» What you should do:
Every line below must be copied as written, except for pictures.

» Material shown:
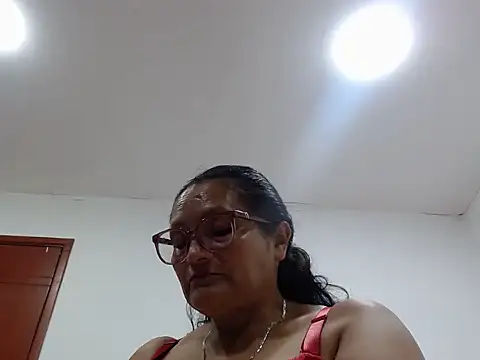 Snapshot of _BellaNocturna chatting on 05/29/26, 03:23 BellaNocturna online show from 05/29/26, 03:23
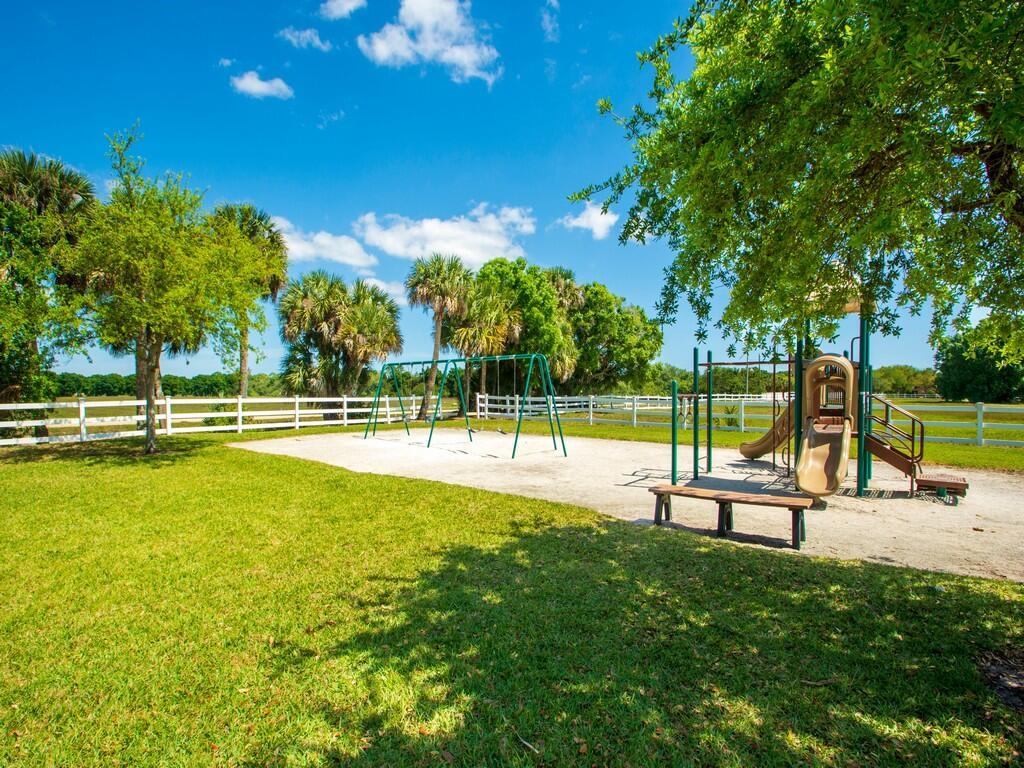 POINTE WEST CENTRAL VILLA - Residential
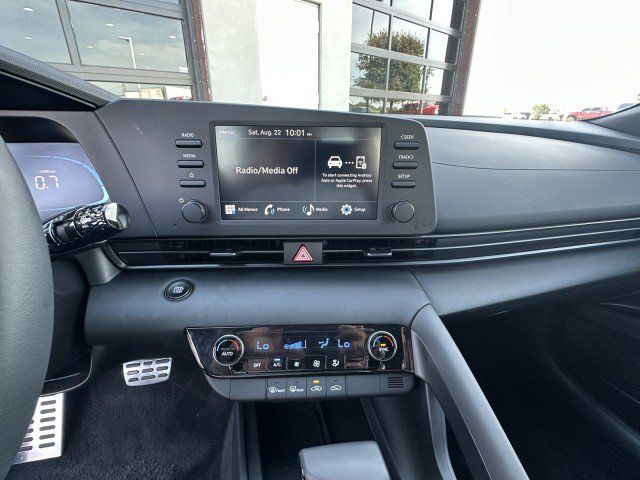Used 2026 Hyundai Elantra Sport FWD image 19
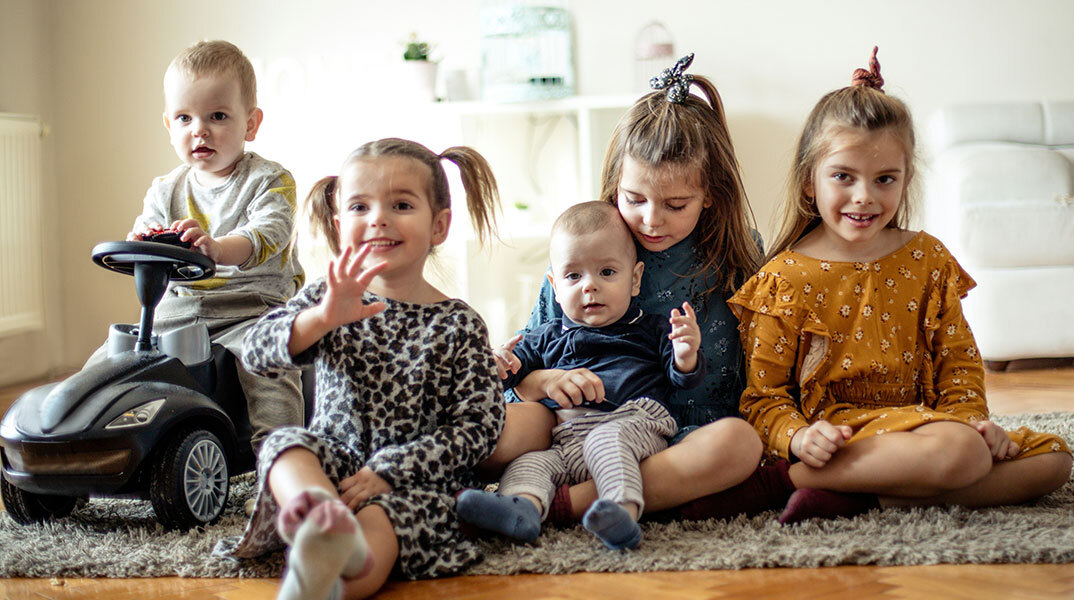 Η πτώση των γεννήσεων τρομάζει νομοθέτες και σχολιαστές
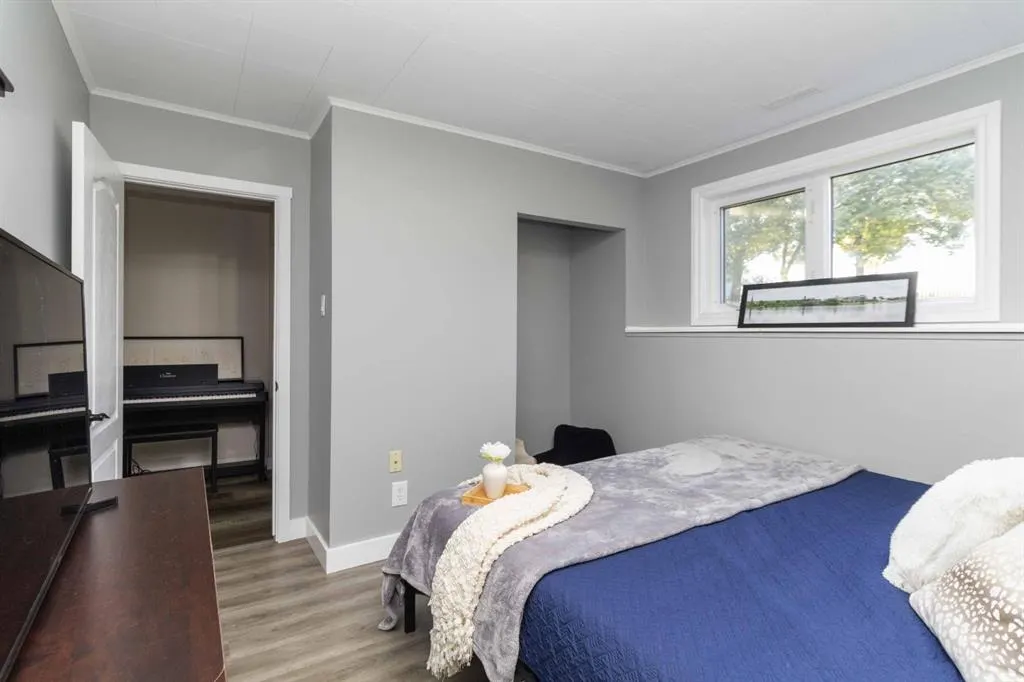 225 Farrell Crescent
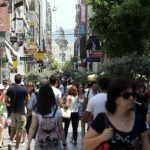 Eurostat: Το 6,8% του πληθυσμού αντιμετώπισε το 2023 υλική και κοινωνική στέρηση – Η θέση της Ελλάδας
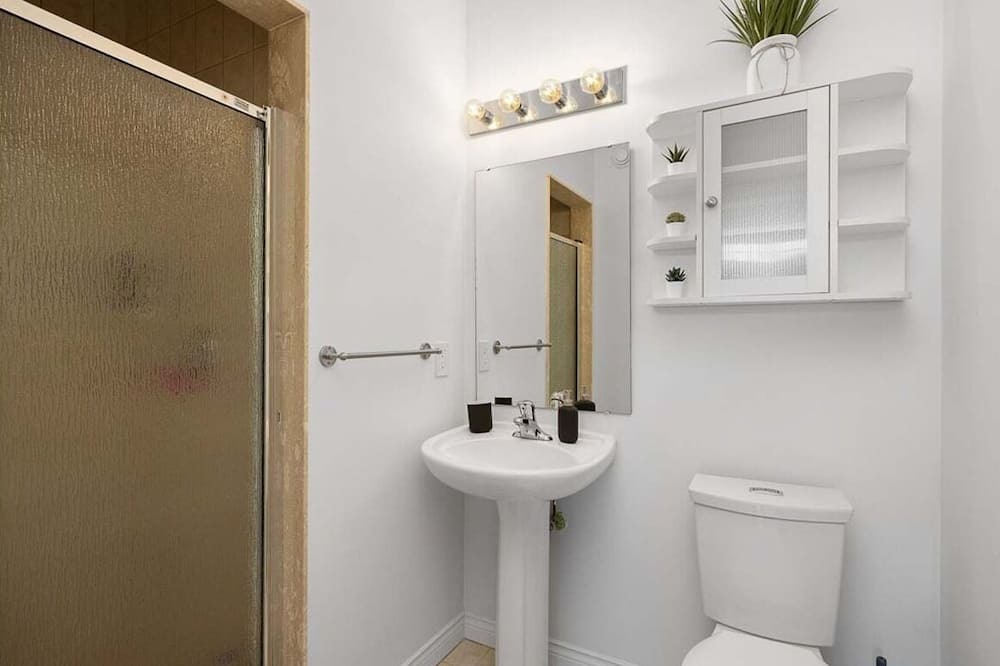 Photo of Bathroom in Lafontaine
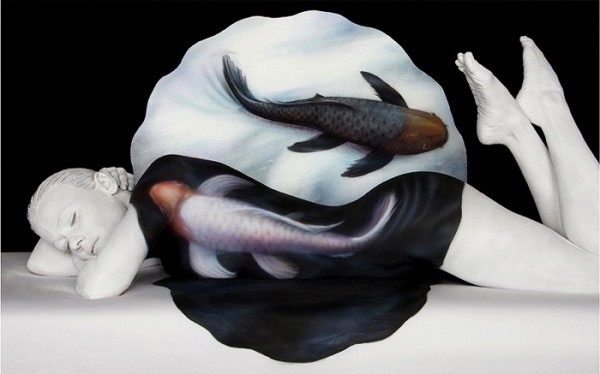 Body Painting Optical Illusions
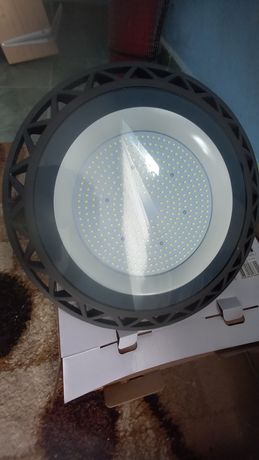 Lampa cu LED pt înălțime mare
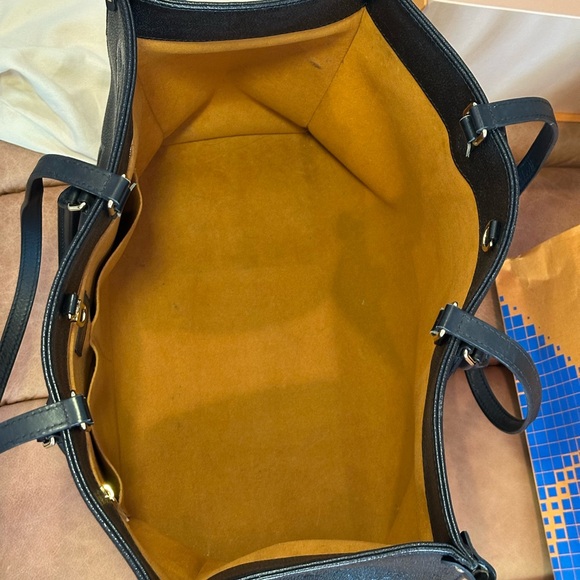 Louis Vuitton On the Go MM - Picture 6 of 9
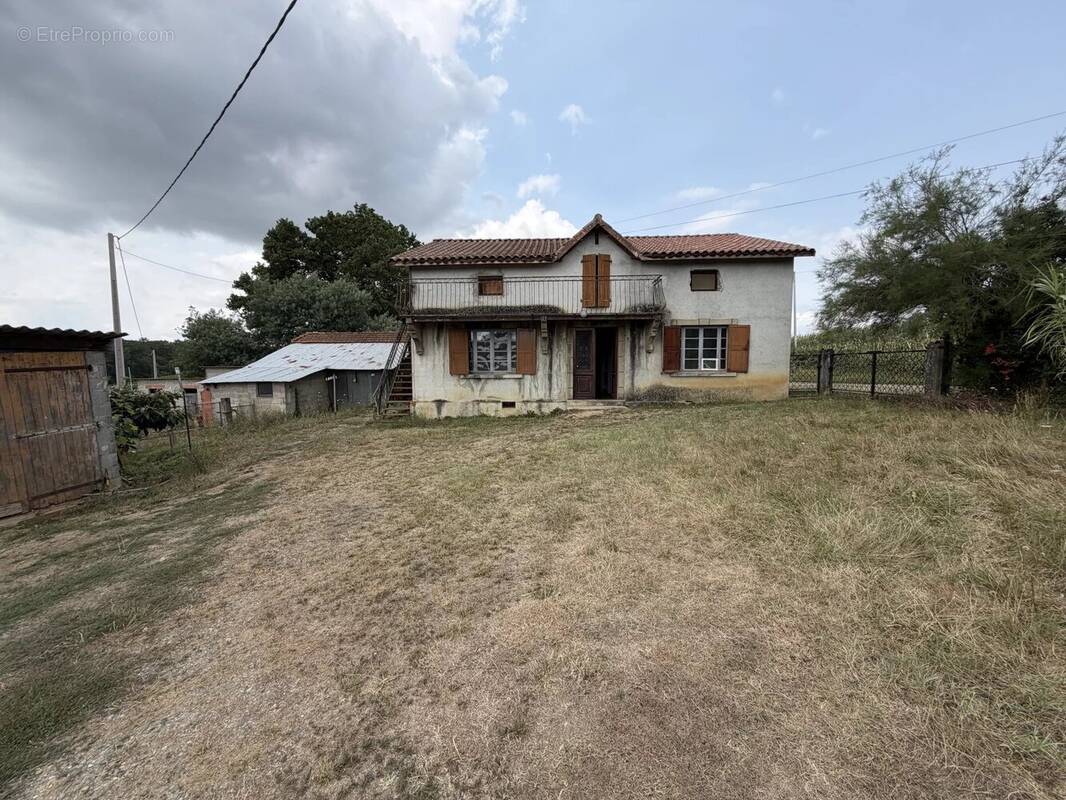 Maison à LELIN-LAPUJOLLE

» Solution:
 Snapshot of _BellaNocturna chatting on 05/29/26, 03:23 BellaNocturna online show from 05/29/26, 03:23
 POINTE WEST CENTRAL VILLA - Residential
Used 2026 Hyundai Elantra Sport FWD image 19
 Η πτώση των γεννήσεων τρομάζει νομοθέτες και σχολιαστές
 225 Farrell Crescent
 Eurostat: Το 6,8% του πληθυσμού αντιμετώπισε το 2023 υλική και κοινωνική στέρηση – Η θέση της Ελλάδας
 Photo of Bathroom in Lafontaine
 Body Painting Optical Illusions
 Lampa cu LED pt înălțime mare
 Louis Vuitton On the Go MM - Picture 6 of 9
 Maison à LELIN-LAPUJOLLE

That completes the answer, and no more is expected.